#### YOUR TASK:
Return, exactly and in full, the lines of the records below starting at the one with "Toyota Land Cruiser" and ending at the one with "2025 BMW X4 xDrive30i", and no other lines.
### DATA UNDER STUDY
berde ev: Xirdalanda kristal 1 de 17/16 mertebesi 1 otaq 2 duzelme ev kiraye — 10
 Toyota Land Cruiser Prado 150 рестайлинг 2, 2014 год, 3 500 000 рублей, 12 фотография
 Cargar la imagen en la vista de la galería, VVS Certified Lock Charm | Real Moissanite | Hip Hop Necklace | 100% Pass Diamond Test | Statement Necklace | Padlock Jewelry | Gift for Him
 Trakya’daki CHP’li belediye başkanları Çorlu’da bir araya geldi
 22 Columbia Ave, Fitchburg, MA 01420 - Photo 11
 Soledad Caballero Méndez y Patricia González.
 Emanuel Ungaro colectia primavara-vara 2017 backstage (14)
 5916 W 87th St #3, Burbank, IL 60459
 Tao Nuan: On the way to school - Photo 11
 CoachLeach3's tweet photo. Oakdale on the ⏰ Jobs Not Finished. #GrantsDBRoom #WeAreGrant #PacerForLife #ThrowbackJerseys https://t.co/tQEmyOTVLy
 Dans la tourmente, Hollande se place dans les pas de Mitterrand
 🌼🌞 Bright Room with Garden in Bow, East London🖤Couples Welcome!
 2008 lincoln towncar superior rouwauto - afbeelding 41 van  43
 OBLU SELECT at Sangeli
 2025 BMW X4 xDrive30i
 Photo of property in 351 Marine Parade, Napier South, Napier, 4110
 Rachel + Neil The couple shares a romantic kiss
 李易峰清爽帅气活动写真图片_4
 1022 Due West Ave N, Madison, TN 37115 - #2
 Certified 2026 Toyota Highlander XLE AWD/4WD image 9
######
#### YOUR RESPONSE:
 Toyota Land Cruiser Prado 150 рестайлинг 2, 2014 год, 3 500 000 рублей, 12 фотография
 Cargar la imagen en la vista de la galería, VVS Certified Lock Charm | Real Moissanite | Hip Hop Necklace | 100% Pass Diamond Test | Statement Necklace | Padlock Jewelry | Gift for Him
 Trakya’daki CHP’li belediye başkanları Çorlu’da bir araya geldi
 22 Columbia Ave, Fitchburg, MA 01420 - Photo 11
 Soledad Caballero Méndez y Patricia González.
 Emanuel Ungaro colectia primavara-vara 2017 backstage (14)
 5916 W 87th St #3, Burbank, IL 60459
 Tao Nuan: On the way to school - Photo 11
 CoachLeach3's tweet photo. Oakdale on the ⏰ Jobs Not Finished. #GrantsDBRoom #WeAreGrant #PacerForLife #ThrowbackJerseys https://t.co/tQEmyOTVLy
 Dans la tourmente, Hollande se place dans les pas de Mitterrand
 🌼🌞 Bright Room with Garden in Bow, East London🖤Couples Welcome!
 2008 lincoln towncar superior rouwauto - afbeelding 41 van  43
 OBLU SELECT at Sangeli
 2025 BMW X4 xDrive30i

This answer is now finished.